いらない老害社員

この半年ほどの間、私はとあるリゾートホテルのネット集客を請け負っていました。

最近は、ホテル等の宿泊施設もすべてネットで完結してしまうようになっていて、気の利いた経営者なら、すでにネット上のエージェント(楽天トラベルやじゃらん)からの集客に尽力を尽くし、然るべき担当者を呼んでくるなり、育成するなりしています。

すべての施設がこのように時代の流れを酌んで、変化に対応できれば良いのですが、ある程度の規模の組織になってくると、いろいろと障害があってなかなかスムーズに事が運ばないものです。

私は独立してからは、ほとんど一人で自分の事業について、好き勝手に決断して運営してきましたが、何年かぶりに「あー、組織ってこれだからいやなんだよな!」と、改めて思い知らされる毎日を過ごしていました。

今日は、その中からひとつだけ取り上げてみたいと思いますが、私が一番うんざりさせられたのは、いわゆる「老害」というやつです。

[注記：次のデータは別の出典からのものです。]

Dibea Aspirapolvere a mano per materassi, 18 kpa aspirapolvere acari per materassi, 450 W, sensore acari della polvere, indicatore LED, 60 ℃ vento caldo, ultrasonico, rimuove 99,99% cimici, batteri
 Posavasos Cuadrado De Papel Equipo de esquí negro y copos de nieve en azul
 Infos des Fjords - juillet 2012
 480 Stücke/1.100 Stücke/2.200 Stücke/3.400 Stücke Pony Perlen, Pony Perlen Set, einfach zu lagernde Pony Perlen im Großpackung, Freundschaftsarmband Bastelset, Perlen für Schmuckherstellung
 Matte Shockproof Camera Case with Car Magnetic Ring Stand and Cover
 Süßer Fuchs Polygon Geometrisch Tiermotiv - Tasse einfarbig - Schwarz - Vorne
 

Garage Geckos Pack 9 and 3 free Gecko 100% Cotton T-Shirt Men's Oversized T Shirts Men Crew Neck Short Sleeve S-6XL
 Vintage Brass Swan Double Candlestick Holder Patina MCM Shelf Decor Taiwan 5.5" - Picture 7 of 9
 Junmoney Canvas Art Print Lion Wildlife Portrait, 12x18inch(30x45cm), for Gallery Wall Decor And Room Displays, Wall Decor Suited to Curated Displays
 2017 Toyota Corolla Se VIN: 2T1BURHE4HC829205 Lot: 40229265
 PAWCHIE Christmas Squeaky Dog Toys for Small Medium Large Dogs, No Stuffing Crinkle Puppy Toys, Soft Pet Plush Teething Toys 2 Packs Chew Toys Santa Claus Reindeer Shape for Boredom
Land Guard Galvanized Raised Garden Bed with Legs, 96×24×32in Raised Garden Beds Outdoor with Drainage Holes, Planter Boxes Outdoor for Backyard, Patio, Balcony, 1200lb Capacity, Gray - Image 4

年配社員が、すべてダメといういう意味ではなく、ここでは、過去の栄光にいつまでも浸っていて進化を恐れている人間を指します。

先に書いたとおり、今はネットからの予約に力を入れるべきなのにいつまでも、昔のやり方にこだわって、ちっともお客さんを呼んでこない代理店へ営業に回ったりといった無駄を繰り返す年配社員は、まさしく老害そのものでしょう。

一人で勝手に営業に回っているだけならまだかわいいもので、下手したらこっちの足を引っ張ることまでしてくれるから、さらにタチが悪いです。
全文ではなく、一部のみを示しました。